I have spent a LOT of my life in schools – as a student, as a teacher, as a student again. And so, I returned to the ivory tower, albeit the backyard, for The Ohio State University’s College of Food, Agricultural, and Environmental Sciences Ohio Master Urban Farmer Certificate Program with a mix of enthusiasm and apprehension.
I have been reading a gazillion books, blogs, and extension fact sheets in advance of the 2014 growing season. I have learned so much from these resources and wondered how much more I could possibly learn in a 21-hour program. Turns out I learned a lot, the least of which is how much more there is to learn.

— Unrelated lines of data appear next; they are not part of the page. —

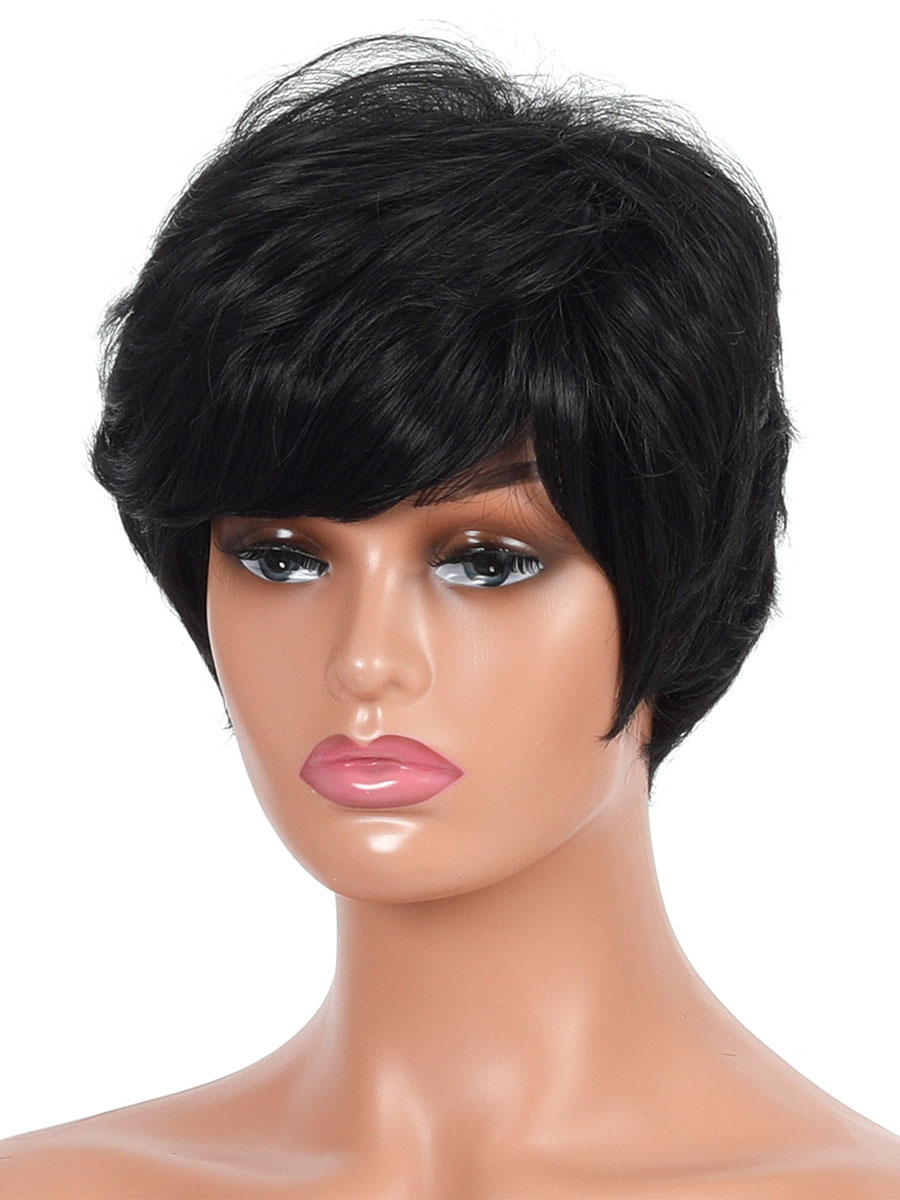 Women's Clothing Accessories | Synthetic Wigs Black Side Parting Heat Resistant Fiber Short Wig For Women - QZ85480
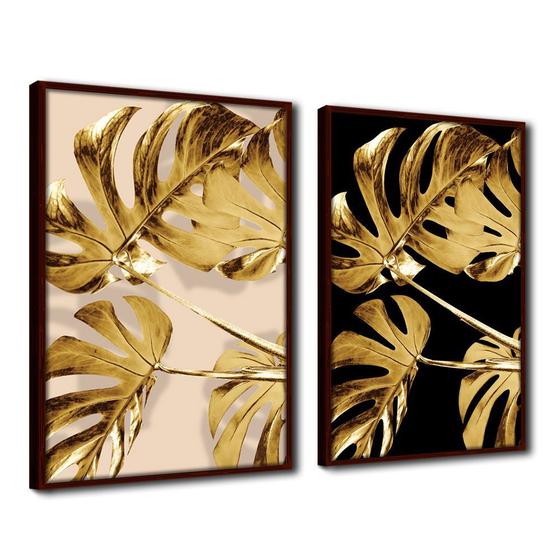 Imagem de Quadro Premium Textura CX Alta Folhas de Ouro 1 2un 40x60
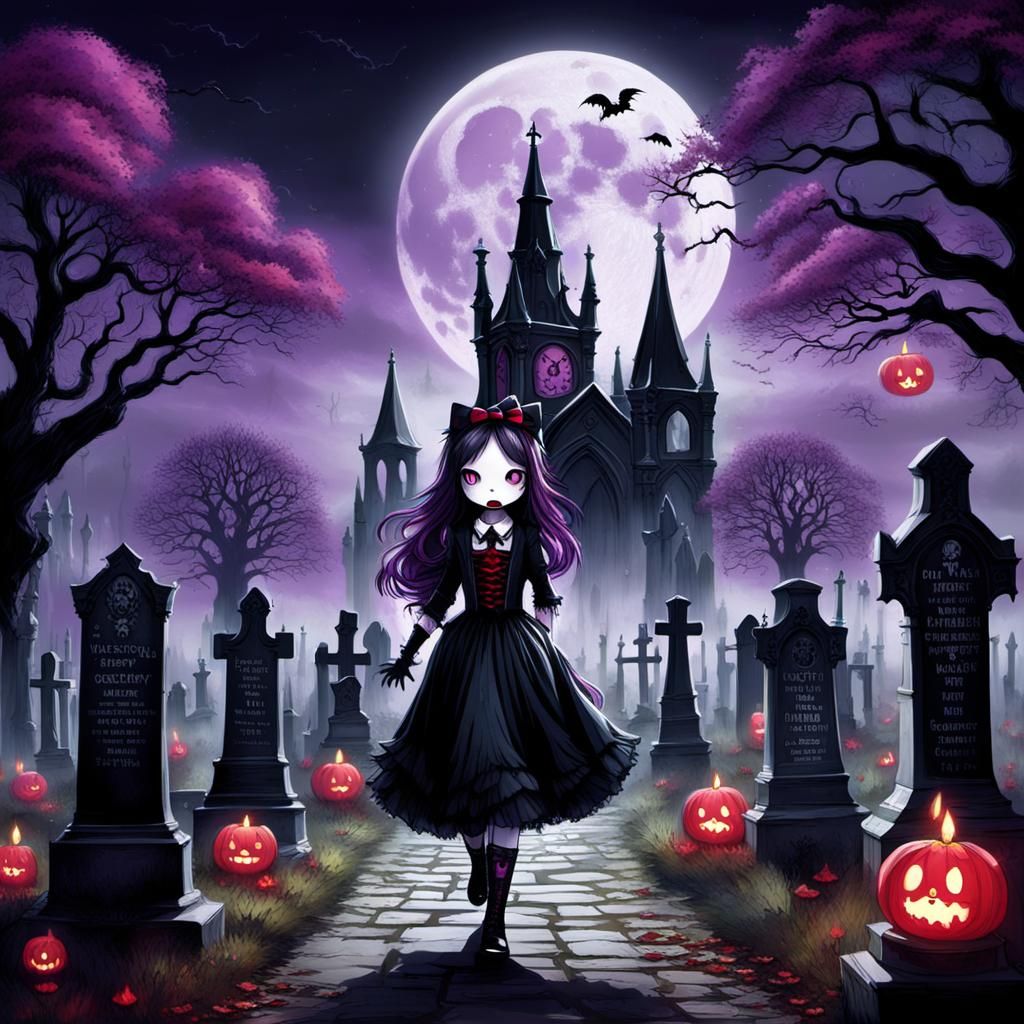 Gothic Hello Kitty in Cemetery on Halloween
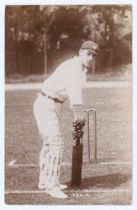 Mark Cox. Northamptonshire 1905-1919. Early mono real photograph postcard of Cox at the wicket in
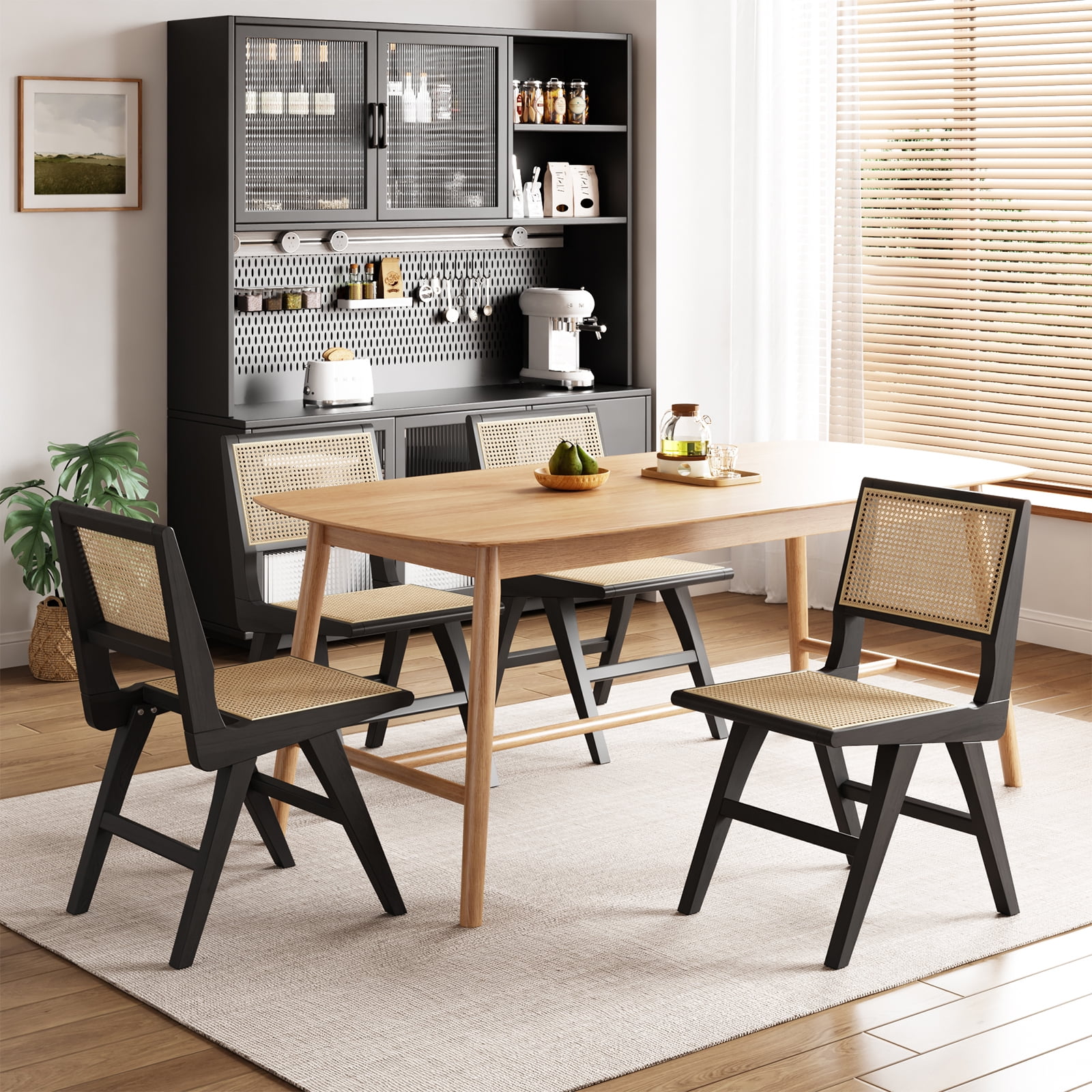 Sfugno Rattan Wood Chairs Set of 2,Accent Chairs with wood Legs,Mid-Century Modern Dining chairs for Living Room,Black - Image 3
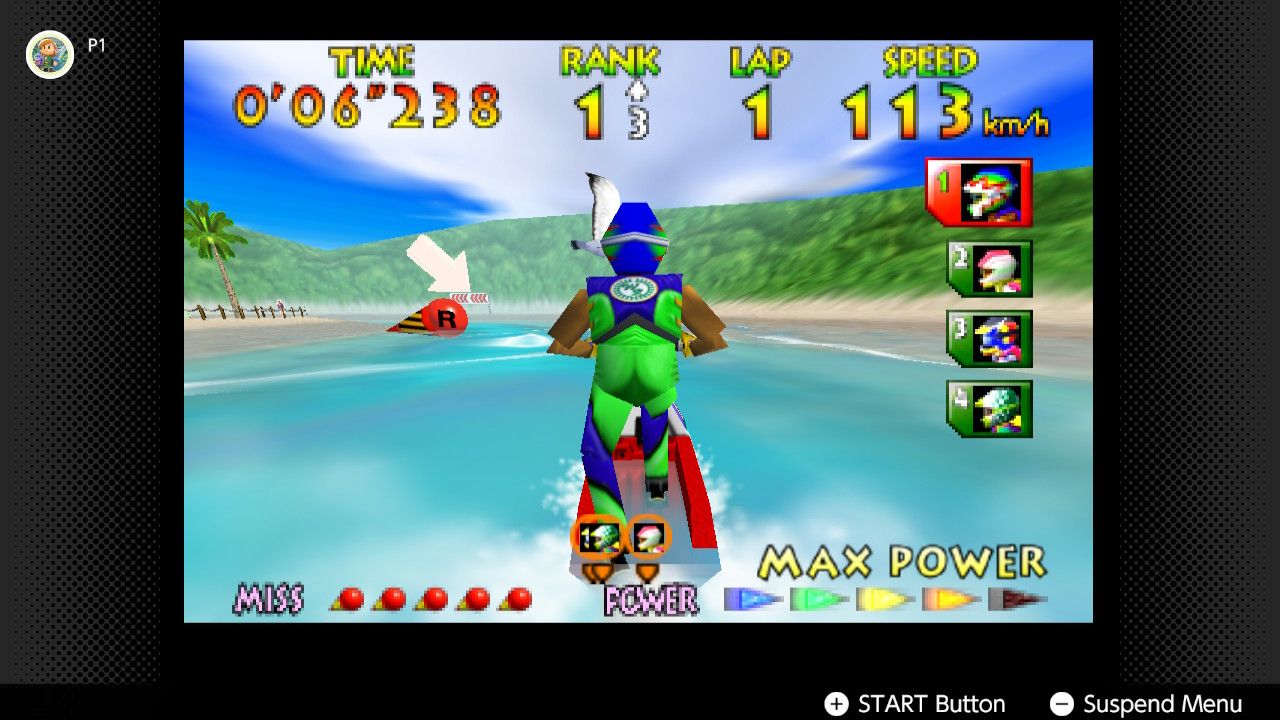 Screenshot of Wave Race 64 running on the Nintendo Switch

As with any educational experience, the presentations in this series opened windows for me onto issues and ideas I’ll need to spend more time exploring on my own. Now I know more of the questions I need to ask, even if I can’t answer them right now.
As a doctoral student you learn to be an autodidact. You have to. Noone else is studying the exact same thing as you. Same goes for artmaking and, it turns out, urban farming.
[I would be remiss not to briefly mention the topics of our last session of farm school. Good Agricultural and Handling Practices (GAPS), zoning, and legal issues related to urban farming. I hope to complete a full GAPS training program later this year to ensure that our produce is the highest quality it can be and safe for whatever lucky folks wind up consuming it. I also learned a few things about what we clearly can and cannot do in the name of urban farming within the boundaries of the City of Columbus. Best advice of the night: Be sure your project looks as beautiful as it can be to ensure neighbors don’t get upset with you and, add talk to your insurance provider about options for food activity coverage.]